What needs to be done
Using the records below, write out again exactly the lines that begin at the line containing "Another strategy you" and end at the line containing "What do you", and no other lines.

Supplied material
>>
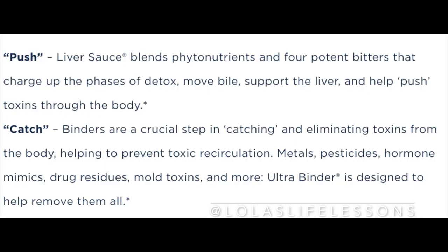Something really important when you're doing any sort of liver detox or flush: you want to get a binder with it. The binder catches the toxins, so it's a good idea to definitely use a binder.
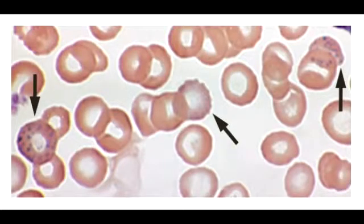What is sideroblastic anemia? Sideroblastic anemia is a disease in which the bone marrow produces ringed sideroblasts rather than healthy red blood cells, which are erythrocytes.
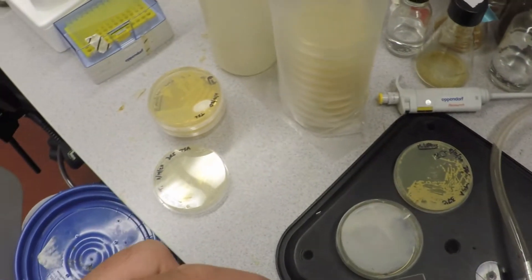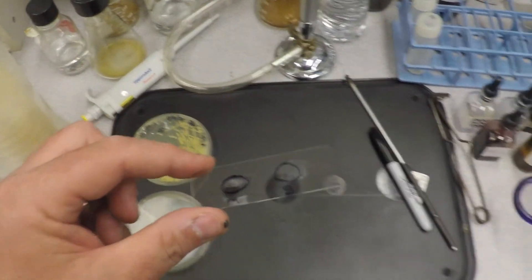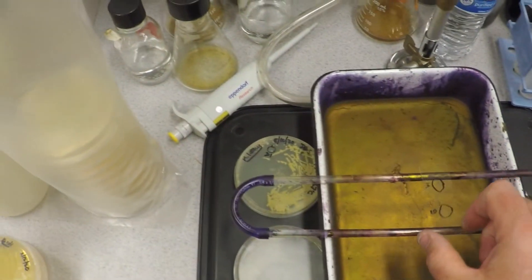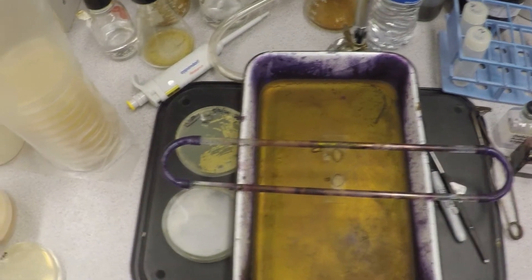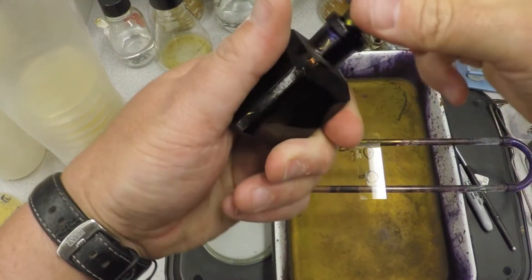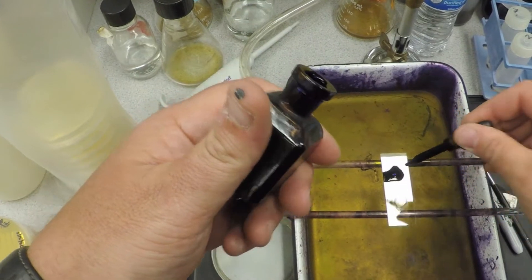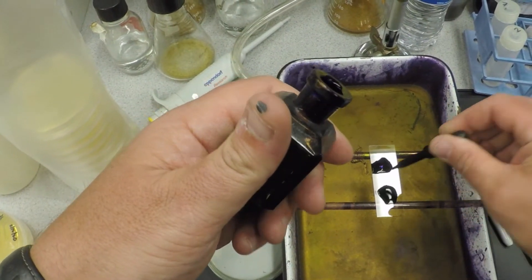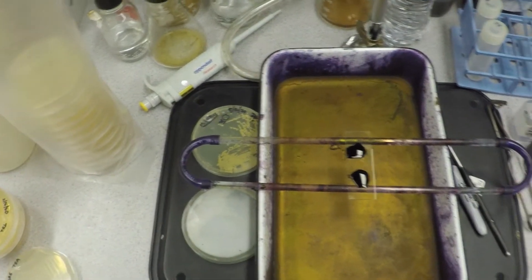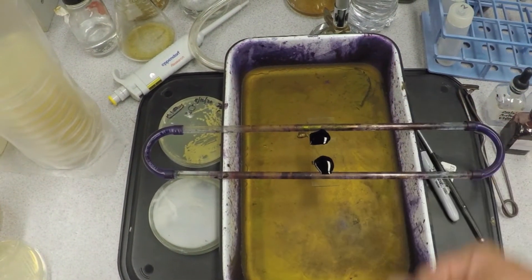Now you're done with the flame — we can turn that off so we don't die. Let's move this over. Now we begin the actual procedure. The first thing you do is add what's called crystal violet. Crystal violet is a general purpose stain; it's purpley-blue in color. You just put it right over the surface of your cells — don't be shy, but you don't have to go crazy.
<<
>>
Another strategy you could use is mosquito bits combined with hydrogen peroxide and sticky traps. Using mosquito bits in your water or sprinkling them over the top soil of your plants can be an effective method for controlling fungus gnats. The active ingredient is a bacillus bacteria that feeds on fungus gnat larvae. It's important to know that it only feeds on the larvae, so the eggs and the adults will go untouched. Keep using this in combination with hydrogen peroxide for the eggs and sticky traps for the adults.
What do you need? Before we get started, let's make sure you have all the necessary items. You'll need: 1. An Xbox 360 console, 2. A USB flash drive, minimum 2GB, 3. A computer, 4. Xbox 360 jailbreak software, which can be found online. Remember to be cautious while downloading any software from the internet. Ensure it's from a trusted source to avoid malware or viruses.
<<
Completed task
Another strategy you could use is mosquito bits combined with hydrogen peroxide and sticky traps. Using mosquito bits in your water or sprinkling them over the top soil of your plants can be an effective method for controlling fungus gnats. The active ingredient is a bacillus bacteria that feeds on fungus gnat larvae. It's important to know that it only feeds on the larvae, so the eggs and the adults will go untouched. Keep using this in combination with hydrogen peroxide for the eggs and sticky traps for the adults.
What do you need? Before we get started, let's make sure you have all the necessary items. You'll need: 1. An Xbox 360 console, 2. A USB flash drive, minimum 2GB, 3. A computer, 4. Xbox 360 jailbreak software, which can be found online. Remember to be cautious while downloading any software from the internet. Ensure it's from a trusted source to avoid malware or viruses.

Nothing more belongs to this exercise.